Prompt:
Find the line with "Portrait d'une femme" and the line with "Woman Keeping Fit" in the entries below; output exactly those two lines, every line between them, and no others.

(Records from a collection)
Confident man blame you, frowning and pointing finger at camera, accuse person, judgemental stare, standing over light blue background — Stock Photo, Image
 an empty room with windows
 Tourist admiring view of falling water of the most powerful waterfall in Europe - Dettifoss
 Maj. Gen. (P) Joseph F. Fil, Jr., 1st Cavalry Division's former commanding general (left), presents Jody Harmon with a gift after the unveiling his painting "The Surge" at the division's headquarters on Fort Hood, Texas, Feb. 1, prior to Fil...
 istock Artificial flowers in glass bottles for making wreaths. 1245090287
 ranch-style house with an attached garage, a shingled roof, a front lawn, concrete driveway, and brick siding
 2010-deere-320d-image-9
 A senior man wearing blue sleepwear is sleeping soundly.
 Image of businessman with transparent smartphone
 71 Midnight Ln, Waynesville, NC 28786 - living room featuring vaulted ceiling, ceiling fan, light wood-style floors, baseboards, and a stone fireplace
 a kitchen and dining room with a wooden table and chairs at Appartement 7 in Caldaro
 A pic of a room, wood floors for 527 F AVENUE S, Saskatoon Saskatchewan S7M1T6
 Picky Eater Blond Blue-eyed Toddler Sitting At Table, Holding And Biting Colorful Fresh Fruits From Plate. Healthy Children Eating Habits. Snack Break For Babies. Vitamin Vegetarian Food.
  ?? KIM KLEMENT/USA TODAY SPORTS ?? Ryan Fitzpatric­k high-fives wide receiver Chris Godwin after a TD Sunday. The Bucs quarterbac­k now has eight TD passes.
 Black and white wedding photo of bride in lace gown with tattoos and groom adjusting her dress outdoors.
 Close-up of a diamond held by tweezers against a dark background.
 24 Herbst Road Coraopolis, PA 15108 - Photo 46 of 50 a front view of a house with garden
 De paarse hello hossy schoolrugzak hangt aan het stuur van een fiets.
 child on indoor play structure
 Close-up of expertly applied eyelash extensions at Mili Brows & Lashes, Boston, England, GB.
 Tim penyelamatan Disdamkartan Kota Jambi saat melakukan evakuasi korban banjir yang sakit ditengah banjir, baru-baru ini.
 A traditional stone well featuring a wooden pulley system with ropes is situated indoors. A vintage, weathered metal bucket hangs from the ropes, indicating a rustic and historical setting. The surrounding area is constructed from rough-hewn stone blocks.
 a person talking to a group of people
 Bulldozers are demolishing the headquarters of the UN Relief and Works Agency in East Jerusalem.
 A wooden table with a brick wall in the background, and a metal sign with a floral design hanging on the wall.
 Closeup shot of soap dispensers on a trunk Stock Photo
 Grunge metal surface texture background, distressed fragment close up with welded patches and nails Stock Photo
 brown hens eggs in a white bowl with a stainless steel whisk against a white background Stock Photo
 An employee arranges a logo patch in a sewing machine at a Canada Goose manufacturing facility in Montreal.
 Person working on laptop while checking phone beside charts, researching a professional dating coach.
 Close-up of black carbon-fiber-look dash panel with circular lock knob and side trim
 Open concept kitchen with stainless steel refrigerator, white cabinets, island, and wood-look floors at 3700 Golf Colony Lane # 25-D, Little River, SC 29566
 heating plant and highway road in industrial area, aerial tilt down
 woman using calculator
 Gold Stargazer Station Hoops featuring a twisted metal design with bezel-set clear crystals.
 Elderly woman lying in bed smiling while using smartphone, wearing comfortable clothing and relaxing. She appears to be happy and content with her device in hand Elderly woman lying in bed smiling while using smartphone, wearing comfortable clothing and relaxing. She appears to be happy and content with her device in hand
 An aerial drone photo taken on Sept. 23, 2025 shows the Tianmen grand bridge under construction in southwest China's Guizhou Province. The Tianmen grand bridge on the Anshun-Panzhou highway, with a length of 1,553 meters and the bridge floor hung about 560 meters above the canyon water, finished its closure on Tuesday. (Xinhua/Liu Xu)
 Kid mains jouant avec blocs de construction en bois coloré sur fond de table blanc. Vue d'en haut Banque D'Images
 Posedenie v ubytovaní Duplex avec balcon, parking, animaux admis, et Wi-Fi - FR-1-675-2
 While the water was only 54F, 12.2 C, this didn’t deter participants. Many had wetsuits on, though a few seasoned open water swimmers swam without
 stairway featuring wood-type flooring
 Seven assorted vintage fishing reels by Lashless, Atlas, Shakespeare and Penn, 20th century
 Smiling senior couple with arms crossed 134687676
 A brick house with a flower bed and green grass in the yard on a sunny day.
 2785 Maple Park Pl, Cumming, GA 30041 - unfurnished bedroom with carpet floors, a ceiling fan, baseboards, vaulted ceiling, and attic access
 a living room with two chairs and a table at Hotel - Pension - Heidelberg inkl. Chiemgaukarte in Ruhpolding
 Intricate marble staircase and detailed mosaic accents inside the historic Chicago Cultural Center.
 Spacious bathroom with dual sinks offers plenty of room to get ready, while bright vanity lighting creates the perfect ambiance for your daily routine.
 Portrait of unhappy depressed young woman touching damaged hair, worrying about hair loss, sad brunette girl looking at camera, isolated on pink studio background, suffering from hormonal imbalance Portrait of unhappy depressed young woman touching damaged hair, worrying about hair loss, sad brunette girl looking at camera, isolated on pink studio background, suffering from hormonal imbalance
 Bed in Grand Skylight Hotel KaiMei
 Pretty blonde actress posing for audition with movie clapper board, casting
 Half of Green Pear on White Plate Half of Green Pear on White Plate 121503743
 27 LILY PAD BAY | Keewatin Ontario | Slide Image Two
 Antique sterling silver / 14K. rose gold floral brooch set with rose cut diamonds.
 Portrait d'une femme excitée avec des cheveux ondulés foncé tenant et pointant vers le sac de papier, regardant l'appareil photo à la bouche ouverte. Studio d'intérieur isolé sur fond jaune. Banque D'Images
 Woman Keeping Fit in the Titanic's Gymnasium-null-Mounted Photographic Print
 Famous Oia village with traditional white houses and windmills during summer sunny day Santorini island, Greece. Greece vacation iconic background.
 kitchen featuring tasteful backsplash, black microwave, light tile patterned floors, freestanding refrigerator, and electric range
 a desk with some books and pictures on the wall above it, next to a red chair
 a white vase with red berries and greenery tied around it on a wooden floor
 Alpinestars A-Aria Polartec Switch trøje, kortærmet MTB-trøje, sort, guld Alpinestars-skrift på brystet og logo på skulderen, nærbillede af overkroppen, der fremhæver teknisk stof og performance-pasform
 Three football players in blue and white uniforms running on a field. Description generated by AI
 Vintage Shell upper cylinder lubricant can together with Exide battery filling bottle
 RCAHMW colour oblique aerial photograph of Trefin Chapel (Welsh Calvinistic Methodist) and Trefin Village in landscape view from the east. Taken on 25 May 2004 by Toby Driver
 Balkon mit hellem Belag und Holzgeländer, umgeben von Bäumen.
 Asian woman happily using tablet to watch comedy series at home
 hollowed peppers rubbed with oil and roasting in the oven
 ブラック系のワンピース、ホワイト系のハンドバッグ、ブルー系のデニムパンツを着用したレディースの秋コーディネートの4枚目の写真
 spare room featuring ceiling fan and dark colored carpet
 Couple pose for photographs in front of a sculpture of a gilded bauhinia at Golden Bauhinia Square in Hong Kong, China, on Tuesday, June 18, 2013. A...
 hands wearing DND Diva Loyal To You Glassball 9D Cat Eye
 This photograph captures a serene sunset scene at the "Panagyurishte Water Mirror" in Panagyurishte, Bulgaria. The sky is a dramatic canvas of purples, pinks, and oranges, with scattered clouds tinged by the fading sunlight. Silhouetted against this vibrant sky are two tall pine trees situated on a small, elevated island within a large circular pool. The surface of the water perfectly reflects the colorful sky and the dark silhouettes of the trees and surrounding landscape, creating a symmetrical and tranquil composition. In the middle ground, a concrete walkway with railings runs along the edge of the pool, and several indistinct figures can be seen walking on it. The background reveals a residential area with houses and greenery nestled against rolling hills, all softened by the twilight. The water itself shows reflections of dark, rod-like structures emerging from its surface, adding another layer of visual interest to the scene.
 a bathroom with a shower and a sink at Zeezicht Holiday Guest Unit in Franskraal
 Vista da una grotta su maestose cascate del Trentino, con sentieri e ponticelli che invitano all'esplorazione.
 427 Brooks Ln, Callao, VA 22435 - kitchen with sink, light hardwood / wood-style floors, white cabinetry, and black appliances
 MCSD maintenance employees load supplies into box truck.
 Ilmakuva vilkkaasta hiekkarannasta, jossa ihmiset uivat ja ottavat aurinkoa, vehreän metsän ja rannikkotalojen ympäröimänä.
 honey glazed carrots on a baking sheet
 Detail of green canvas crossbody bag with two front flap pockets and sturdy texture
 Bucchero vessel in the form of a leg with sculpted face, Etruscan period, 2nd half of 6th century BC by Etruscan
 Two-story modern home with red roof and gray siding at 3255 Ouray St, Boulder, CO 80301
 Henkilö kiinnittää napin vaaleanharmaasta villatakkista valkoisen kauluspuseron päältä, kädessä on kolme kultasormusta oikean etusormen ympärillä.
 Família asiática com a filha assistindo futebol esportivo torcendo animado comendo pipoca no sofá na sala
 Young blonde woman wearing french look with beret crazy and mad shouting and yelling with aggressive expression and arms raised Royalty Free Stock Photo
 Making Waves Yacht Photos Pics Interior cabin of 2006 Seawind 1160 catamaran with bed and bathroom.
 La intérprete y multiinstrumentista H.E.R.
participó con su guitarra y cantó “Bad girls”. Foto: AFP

Response:
 Portrait d'une femme excitée avec des cheveux ondulés foncé tenant et pointant vers le sac de papier, regardant l'appareil photo à la bouche ouverte. Studio d'intérieur isolé sur fond jaune. Banque D'Images
 Woman Keeping Fit in the Titanic's Gymnasium-null-Mounted Photographic Print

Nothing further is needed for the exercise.